• **Problem statement**
For the data below, retype word for word the lines from the one containing "Phavina Hotel Rayong" through the one containing "gs.tskh-vu-minh-giang_pho-chu-tich-hdgt.jpg"; drop the pictures.

• **Records to use**

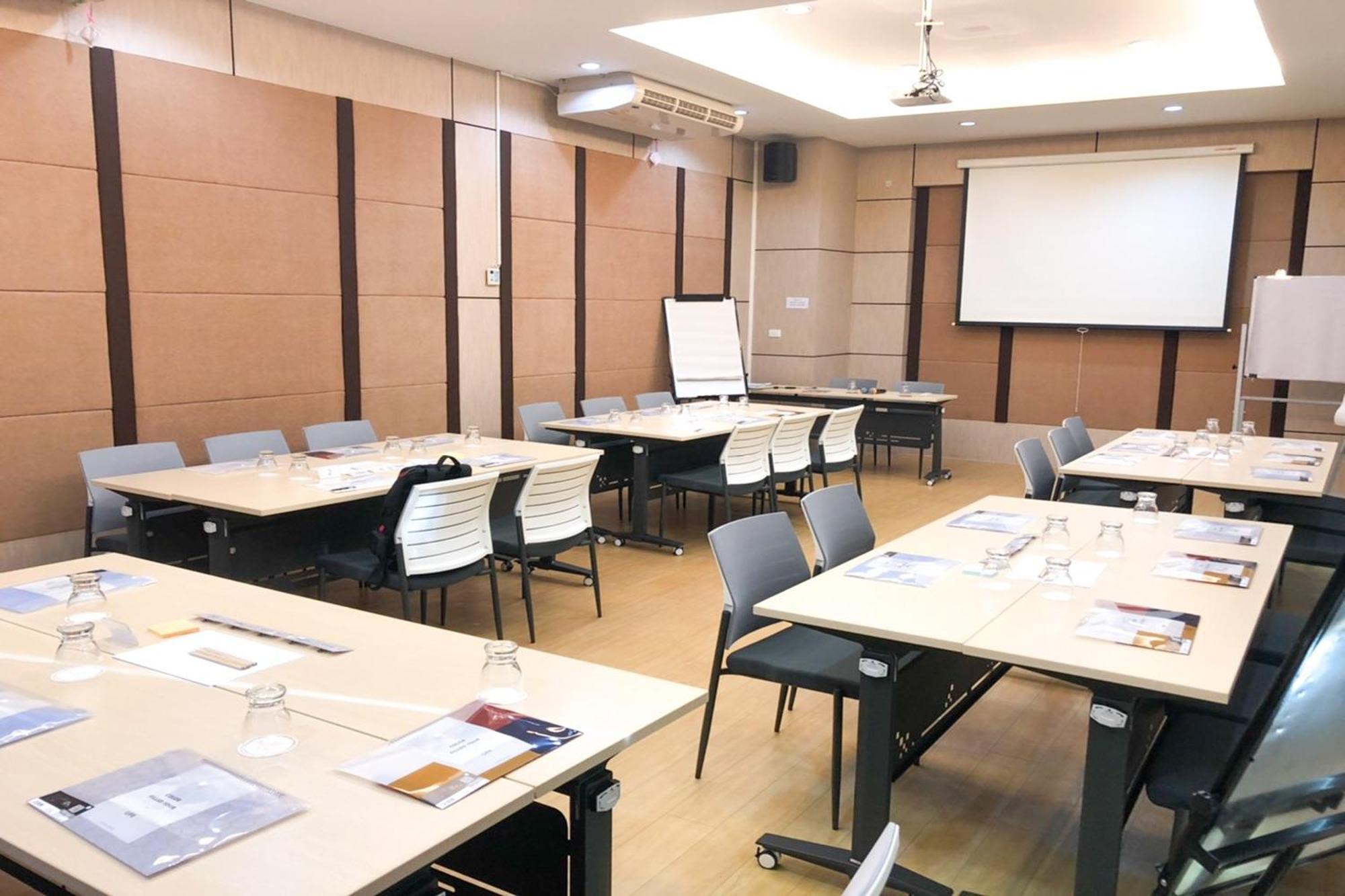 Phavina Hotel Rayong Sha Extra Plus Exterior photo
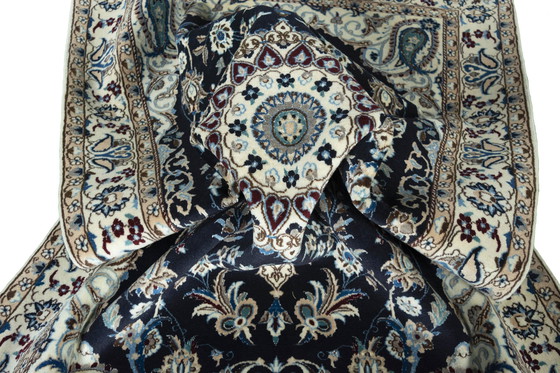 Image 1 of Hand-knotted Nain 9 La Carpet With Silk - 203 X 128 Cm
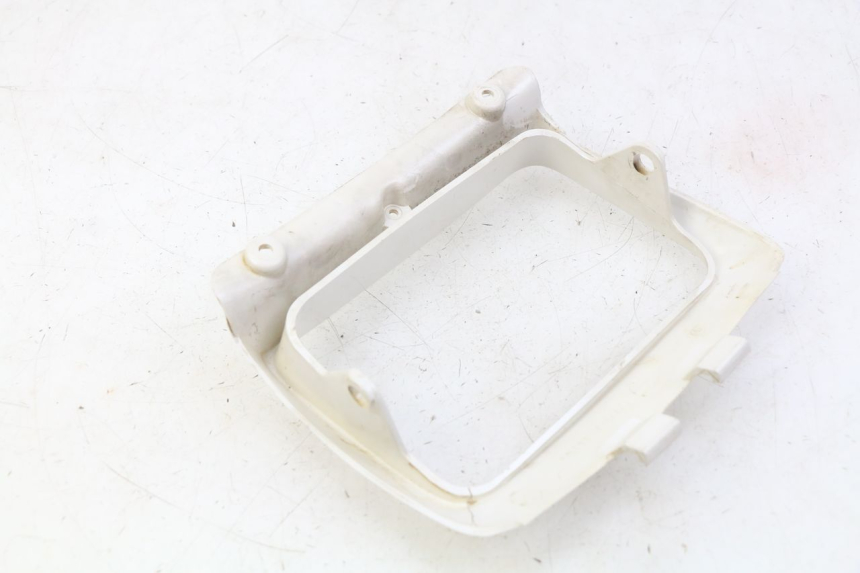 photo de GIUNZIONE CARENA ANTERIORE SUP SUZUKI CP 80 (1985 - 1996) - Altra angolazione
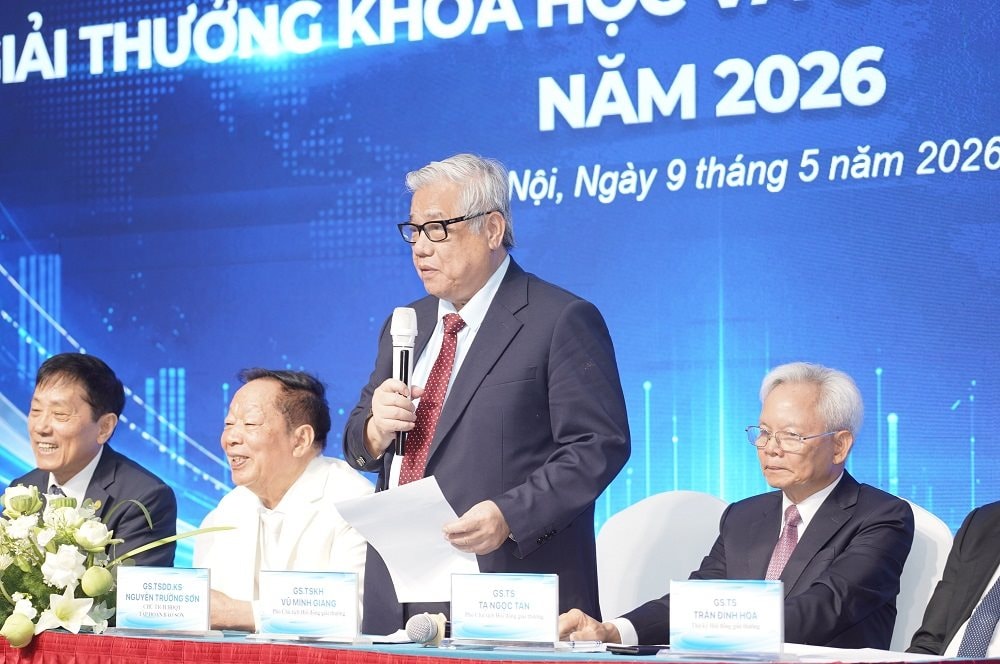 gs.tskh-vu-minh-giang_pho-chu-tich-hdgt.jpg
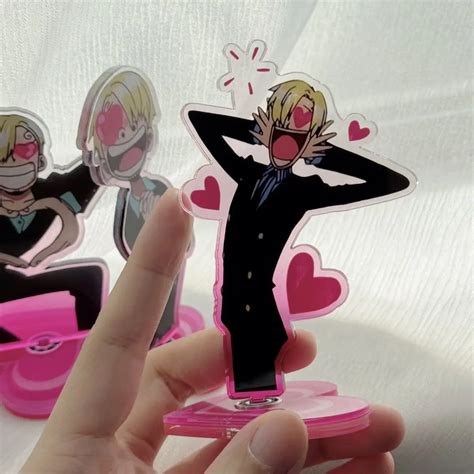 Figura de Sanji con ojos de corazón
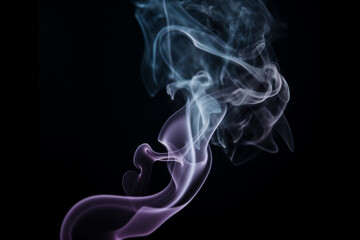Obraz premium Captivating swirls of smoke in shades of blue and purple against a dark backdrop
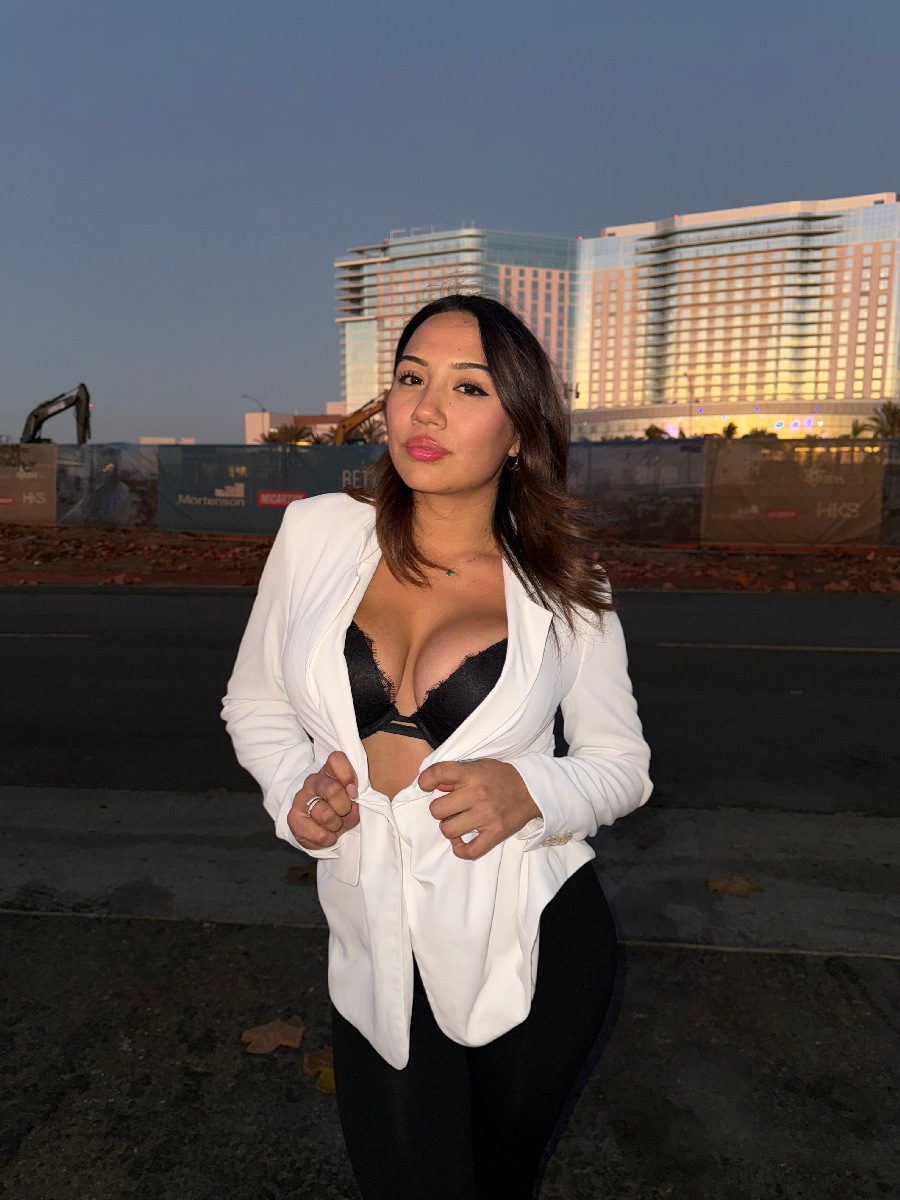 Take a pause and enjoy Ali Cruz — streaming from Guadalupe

* * *

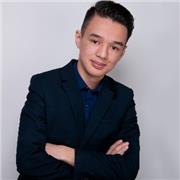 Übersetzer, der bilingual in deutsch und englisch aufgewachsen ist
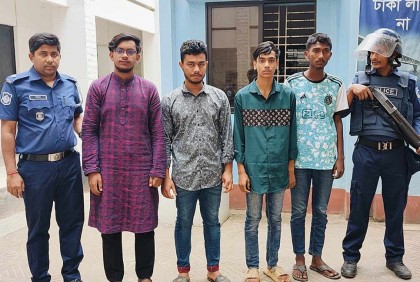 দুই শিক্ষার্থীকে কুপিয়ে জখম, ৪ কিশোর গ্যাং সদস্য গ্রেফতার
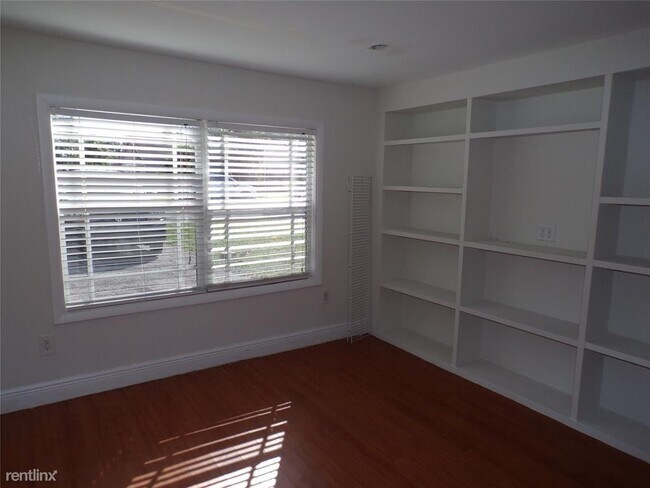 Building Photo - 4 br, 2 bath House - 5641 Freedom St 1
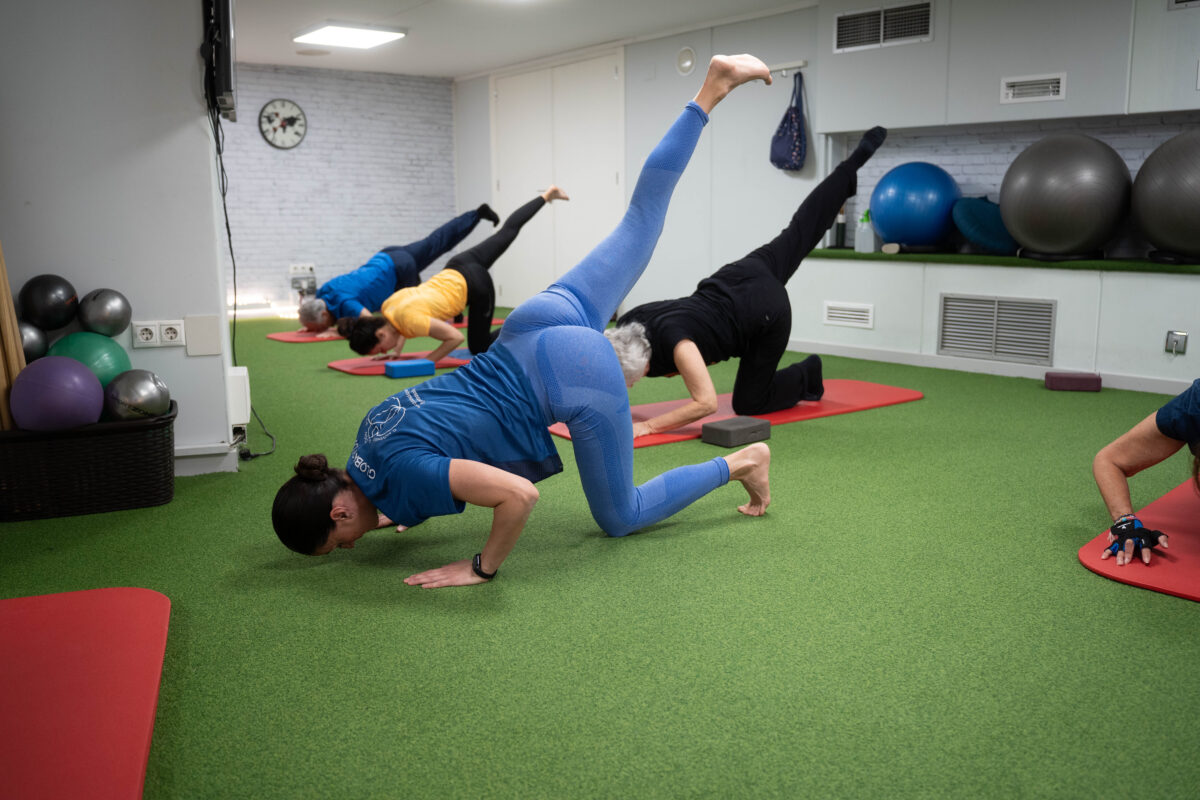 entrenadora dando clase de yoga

• **Result for this exercise**
 Phavina Hotel Rayong Sha Extra Plus Exterior photo
 Image 1 of Hand-knotted Nain 9 La Carpet With Silk - 203 X 128 Cm
 photo de GIUNZIONE CARENA ANTERIORE SUP SUZUKI CP 80 (1985 - 1996) - Altra angolazione
 gs.tskh-vu-minh-giang_pho-chu-tich-hdgt.jpg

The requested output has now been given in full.